Collected data entries:
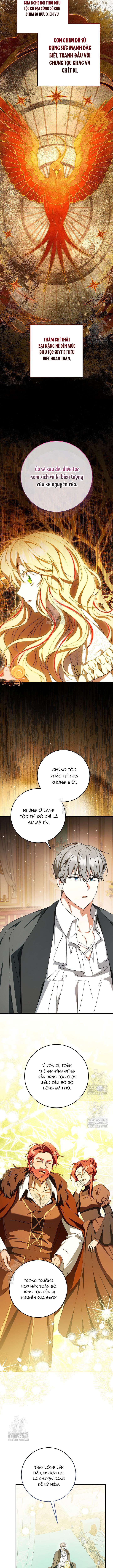 Nàng Chim Được Dinh Thự Sói Yêu Thương Chapter 59 - Trang 2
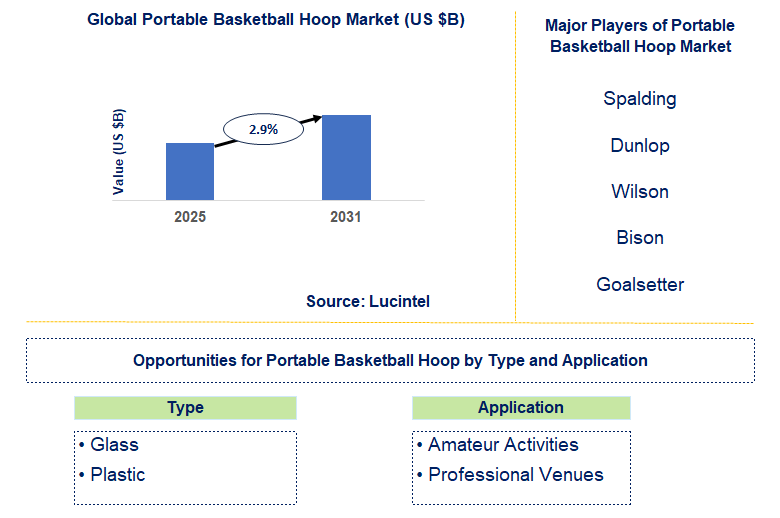 Portable Basketball Hoop Market Trends and Forecast
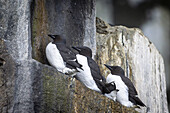  Thick-billed guillemots (Uria lomvia) at the bird cliff Alkefjellet, guillemot cliff in the Hinlopen Strait, main attraction are thick-billed guillemots, Spitsbergen, Svalbard, Norway, Arctic 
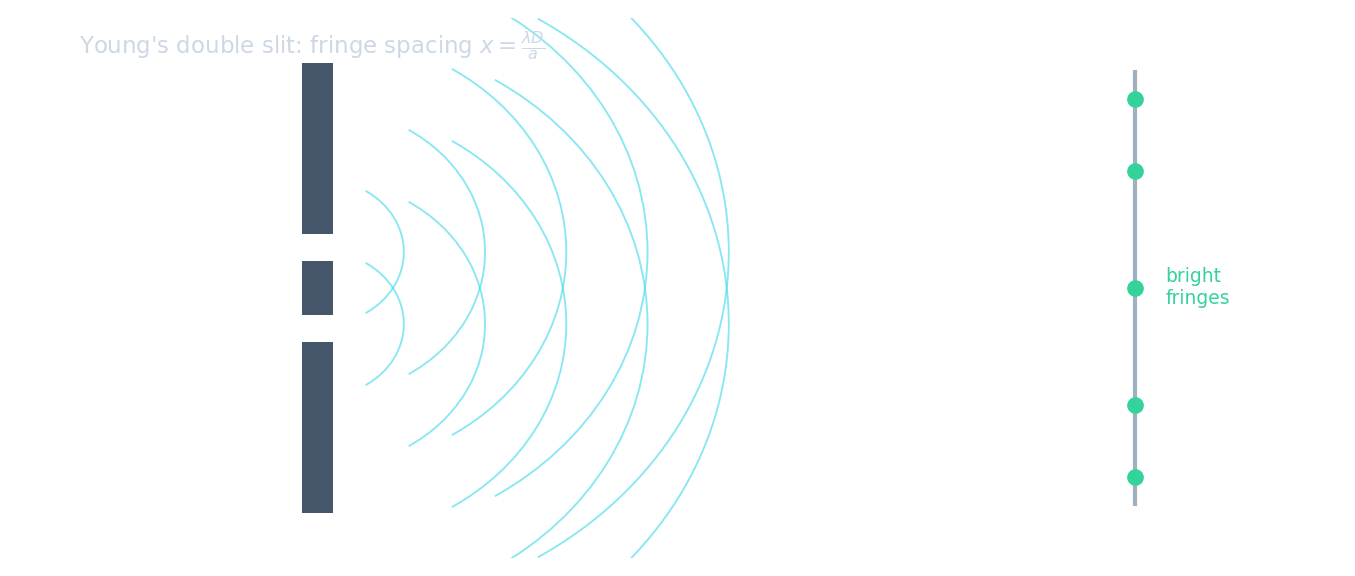Light through two slits spreads and overlaps, making equally spaced bright fringes on a distant screen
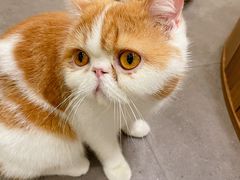 -飞行喵MR PILOT|猫舍·猫咖(静安大融城店)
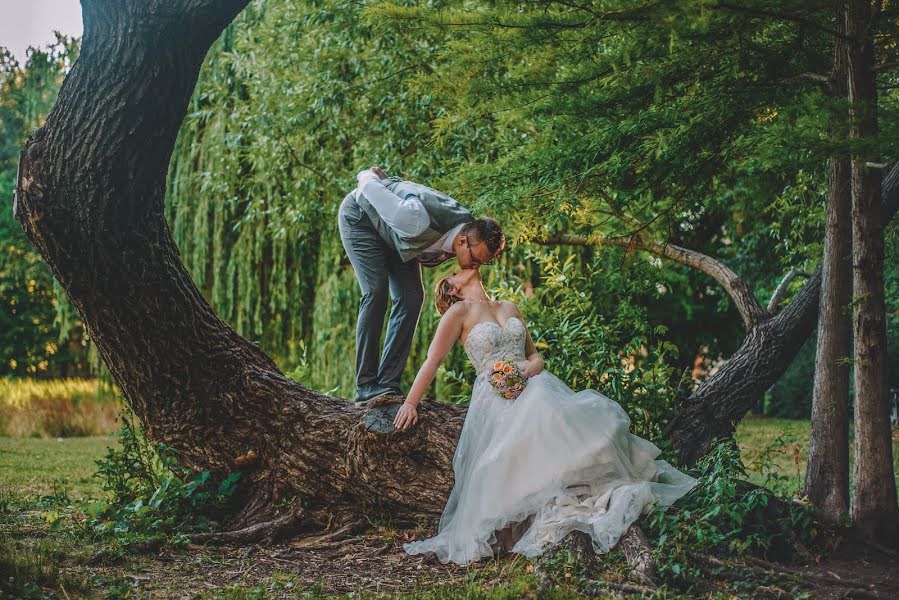 Fotografo di matrimoni Rale Radovic (raleradovic). Foto del 8 settembre 2017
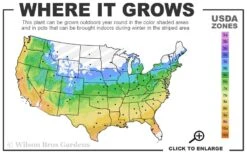 The Rising Sun Redbud Tree - 7 Gallon Pot (4-5') -Plant Series Shop 5a 9b 105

YOUR GOAL: Retype word for word the span of lines above that begins with the line containing "-飞行喵MR PILOT|猫舍·猫咖(静安大融城店)" and ends with the last line of the records; skip all pictures.

ANSWER AREA:
 -飞行喵MR PILOT|猫舍·猫咖(静安大融城店)
 Fotografo di matrimoni Rale Radovic (raleradovic). Foto del 8 settembre 2017
 The Rising Sun Redbud Tree - 7 Gallon Pot (4-5') -Plant Series Shop 5a 9b 105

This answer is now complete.